Tildes Docs

Development

Page last updated: August 13, 2018 (view history)
Contents

Note: This page is fairly scattered overall and should be split up into multiple pages in the future. The goal is mostly to have a lot of information that developers might find useful so that they at least have a starting point to find out more about how something works.

If you haven't already, follow the instructions on the Development Setup page to get a development version running on your local machine.

Vagrant

In general you shouldn't need to do very much with Vagrant directly, but there are a few commands you should know:

Changing the Vagrant box's resources

This generally shouldn't be necessary, but it's possible to give the Vagrant box access to more resources by creating a file named Customfile in the same directory as the Vagrantfile. For example, to give it 4GB of memory and 2 CPUs, the file should contain:

config.vm.provider "virtualbox" do |vb|
    vb.memory = "4096"
    vb.cpus = "2"
end

SSHing into the VM

You can open an SSH session into the VM by running vagrant ssh. Once inside, the application's virtual environment (venv) should automatically be activated for you, and you should be in the base application directory (/opt/tildes/).

Unless otherwise stated, all commands mentioned in this page should be assumed as needing to be run from inside the VM, from the directory /opt/tildes/, with the venv activated.

Shared folders with the VM

Vagrant maintains a few shared folders with the VM, which means that any changes you make to files in these folders from outside will be available inside the VM immediately. This allows you to edit the code from your main OS and have those changes reflected by your dev site that is being served from the VM. Warning: This sharing is bi-directional, so any changes made in these folders inside the VM will also affect the folders outside. Take care not to delete or change files in the shared folders inside the VM unless you want those changes to affect the "real" version of the file outside.

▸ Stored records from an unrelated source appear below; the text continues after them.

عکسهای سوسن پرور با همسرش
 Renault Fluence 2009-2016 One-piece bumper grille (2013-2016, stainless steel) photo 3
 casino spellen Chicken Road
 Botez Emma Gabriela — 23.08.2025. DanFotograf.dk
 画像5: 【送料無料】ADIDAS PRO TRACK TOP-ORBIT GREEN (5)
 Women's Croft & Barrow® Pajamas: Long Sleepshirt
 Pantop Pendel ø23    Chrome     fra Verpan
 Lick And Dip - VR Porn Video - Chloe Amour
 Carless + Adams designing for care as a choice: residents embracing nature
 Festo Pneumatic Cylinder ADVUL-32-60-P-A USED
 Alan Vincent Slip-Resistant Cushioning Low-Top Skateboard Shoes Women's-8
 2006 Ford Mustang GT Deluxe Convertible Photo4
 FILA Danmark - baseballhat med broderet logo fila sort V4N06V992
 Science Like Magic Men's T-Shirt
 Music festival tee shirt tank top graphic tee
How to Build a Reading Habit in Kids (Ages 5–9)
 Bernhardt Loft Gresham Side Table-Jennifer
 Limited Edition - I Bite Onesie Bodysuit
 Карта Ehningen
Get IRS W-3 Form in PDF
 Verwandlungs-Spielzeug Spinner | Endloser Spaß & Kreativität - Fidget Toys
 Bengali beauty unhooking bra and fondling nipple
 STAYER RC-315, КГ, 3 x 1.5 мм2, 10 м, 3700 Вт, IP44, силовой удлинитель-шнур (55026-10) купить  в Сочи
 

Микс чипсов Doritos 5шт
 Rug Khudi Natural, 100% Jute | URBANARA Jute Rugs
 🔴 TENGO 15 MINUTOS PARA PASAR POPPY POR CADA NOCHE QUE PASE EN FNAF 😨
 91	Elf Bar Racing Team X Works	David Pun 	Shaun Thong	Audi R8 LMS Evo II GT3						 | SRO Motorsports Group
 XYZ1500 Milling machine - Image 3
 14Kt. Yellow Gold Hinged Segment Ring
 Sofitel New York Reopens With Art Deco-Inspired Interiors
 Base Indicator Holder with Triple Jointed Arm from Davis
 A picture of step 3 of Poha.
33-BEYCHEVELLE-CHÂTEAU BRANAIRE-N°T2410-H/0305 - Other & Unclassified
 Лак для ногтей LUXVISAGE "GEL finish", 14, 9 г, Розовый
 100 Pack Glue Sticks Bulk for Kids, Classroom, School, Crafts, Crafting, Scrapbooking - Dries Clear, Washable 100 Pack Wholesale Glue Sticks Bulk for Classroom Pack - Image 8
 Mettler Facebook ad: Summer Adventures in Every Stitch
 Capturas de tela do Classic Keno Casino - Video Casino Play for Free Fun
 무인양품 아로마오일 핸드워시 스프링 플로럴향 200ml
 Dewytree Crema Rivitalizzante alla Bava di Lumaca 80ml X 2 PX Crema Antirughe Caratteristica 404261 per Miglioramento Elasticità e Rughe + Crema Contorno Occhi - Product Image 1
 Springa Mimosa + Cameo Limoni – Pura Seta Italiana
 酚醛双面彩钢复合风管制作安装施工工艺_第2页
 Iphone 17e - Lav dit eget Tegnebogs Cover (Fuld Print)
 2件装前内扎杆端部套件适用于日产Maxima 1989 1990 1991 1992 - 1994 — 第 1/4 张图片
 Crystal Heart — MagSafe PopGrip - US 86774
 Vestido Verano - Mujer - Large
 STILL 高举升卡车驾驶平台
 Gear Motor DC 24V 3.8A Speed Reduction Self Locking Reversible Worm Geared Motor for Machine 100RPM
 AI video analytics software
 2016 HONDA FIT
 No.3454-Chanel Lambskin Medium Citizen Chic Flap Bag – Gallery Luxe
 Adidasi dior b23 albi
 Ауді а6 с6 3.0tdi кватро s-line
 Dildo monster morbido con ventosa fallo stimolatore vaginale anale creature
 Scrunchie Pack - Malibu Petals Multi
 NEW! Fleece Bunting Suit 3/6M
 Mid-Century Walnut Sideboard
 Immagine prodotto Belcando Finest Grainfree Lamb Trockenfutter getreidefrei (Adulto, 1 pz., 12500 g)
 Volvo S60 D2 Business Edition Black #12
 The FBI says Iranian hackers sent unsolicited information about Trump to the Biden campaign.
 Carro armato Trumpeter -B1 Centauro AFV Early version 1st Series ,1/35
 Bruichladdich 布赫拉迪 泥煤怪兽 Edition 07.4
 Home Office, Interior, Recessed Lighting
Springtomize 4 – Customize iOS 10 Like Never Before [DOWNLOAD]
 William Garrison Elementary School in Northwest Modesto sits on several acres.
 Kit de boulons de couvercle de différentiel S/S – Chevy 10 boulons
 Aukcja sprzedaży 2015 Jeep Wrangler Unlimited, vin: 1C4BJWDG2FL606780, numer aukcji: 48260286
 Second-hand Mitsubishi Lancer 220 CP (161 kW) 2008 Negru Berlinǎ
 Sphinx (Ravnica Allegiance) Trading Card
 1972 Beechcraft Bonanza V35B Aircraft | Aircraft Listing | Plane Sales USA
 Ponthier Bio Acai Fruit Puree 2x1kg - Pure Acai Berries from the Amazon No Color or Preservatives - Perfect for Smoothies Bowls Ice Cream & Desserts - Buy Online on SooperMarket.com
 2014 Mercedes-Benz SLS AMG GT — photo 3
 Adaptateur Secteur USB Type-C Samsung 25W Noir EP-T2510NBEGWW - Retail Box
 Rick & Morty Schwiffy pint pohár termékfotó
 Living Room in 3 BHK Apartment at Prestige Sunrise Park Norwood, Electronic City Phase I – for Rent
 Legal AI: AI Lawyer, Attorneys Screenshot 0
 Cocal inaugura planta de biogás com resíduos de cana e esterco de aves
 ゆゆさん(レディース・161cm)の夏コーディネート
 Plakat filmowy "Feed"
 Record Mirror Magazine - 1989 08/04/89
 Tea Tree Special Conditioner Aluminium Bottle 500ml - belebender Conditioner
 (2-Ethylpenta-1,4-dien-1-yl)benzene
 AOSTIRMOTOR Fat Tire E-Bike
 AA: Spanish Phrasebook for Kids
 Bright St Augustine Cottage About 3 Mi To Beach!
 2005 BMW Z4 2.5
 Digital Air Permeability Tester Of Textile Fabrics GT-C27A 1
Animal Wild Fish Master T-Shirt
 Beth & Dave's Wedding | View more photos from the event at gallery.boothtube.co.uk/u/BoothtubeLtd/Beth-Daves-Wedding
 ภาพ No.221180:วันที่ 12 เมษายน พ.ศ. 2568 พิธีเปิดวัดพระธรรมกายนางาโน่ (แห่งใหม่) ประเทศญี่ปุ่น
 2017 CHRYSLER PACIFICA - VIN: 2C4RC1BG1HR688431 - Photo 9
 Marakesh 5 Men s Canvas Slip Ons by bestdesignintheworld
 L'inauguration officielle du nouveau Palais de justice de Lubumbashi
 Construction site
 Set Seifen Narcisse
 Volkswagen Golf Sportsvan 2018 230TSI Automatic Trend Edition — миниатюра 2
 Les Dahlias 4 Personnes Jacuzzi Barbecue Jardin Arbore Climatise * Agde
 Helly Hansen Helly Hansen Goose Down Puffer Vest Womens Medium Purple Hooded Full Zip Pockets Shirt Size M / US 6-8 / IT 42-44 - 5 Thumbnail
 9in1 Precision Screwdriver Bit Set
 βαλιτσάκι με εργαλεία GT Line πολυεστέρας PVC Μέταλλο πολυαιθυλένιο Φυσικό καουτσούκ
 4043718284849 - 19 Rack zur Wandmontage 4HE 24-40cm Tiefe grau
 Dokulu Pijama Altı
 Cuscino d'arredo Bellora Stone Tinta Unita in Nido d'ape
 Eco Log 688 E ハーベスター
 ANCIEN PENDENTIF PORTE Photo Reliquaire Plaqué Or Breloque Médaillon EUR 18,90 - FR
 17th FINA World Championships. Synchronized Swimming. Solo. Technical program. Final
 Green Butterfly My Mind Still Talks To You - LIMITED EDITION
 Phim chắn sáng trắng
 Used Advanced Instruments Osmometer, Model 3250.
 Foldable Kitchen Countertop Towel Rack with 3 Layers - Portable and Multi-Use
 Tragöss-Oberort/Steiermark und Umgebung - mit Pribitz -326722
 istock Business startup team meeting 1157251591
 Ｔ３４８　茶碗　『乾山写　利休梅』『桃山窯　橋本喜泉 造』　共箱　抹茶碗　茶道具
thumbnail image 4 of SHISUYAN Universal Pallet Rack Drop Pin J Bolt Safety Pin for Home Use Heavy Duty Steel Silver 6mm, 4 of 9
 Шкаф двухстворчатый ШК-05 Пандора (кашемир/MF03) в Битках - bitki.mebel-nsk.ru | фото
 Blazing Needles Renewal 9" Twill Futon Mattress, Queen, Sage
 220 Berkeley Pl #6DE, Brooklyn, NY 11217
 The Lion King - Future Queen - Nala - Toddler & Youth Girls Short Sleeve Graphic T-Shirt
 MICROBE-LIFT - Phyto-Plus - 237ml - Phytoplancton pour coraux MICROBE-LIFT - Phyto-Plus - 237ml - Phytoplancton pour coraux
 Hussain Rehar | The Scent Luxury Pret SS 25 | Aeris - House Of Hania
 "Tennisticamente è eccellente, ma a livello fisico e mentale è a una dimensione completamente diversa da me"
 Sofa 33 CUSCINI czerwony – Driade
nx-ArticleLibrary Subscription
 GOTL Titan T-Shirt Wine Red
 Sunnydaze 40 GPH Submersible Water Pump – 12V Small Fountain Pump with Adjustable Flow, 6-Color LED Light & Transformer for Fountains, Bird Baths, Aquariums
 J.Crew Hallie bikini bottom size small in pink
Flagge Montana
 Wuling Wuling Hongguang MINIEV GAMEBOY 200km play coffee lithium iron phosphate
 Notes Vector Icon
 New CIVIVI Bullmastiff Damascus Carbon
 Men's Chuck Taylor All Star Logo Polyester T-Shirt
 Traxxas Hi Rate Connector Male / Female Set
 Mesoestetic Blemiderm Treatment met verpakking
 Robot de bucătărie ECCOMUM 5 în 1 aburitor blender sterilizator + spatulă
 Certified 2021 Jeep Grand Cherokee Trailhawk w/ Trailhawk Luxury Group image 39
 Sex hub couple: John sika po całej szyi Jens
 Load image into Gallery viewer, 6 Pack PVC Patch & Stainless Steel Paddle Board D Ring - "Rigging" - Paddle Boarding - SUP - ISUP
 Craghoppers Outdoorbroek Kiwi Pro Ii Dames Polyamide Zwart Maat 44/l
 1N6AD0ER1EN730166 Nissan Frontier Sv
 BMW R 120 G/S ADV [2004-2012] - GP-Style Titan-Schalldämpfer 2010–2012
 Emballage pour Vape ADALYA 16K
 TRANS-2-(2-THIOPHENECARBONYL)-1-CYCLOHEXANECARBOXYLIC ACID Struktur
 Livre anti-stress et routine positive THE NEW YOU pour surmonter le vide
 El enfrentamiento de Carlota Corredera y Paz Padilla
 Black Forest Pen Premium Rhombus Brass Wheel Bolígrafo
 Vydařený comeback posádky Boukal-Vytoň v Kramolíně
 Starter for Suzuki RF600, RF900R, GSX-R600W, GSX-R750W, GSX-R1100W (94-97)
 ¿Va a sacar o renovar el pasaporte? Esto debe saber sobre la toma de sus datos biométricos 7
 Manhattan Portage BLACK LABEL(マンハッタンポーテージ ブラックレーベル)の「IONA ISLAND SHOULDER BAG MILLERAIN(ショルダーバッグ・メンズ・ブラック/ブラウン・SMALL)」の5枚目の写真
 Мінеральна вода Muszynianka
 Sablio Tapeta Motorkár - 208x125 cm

The following folders are shared (defined in the Vagrantfile):

Outside folder Path inside VM
<base>/tildes/ /opt/tildes/
<base>/salt/salt/ /srv/salt/
<base>/salt/pillar/ /srv/pillar/

Keeping your dev version up-to-date

First of all, it's definitely easiest if you keep your master branch "clean" by always working on all changes in their own branch. Assuming you're working that way and have the official repo set up as a remote named "upstream" (similar to the setup in this guide), you can update to the latest code by running (from your own machine, NOT the Vagrant VM):

git checkout master
git pull upstream master

After the pull completes, you may need to run additional commands depending on what exactly was updated. These commands are safe, so it should always be fine to just run them anyway if you're not sure:

As always, if something goes wrong and your dev VM ends up in a broken state, you can just destroy and recreate it and everything should be functional again. All your code changes, branches, etc. will be safe, as long you didn't make any changes directly inside the VM (which you usually shouldn't be doing anyway).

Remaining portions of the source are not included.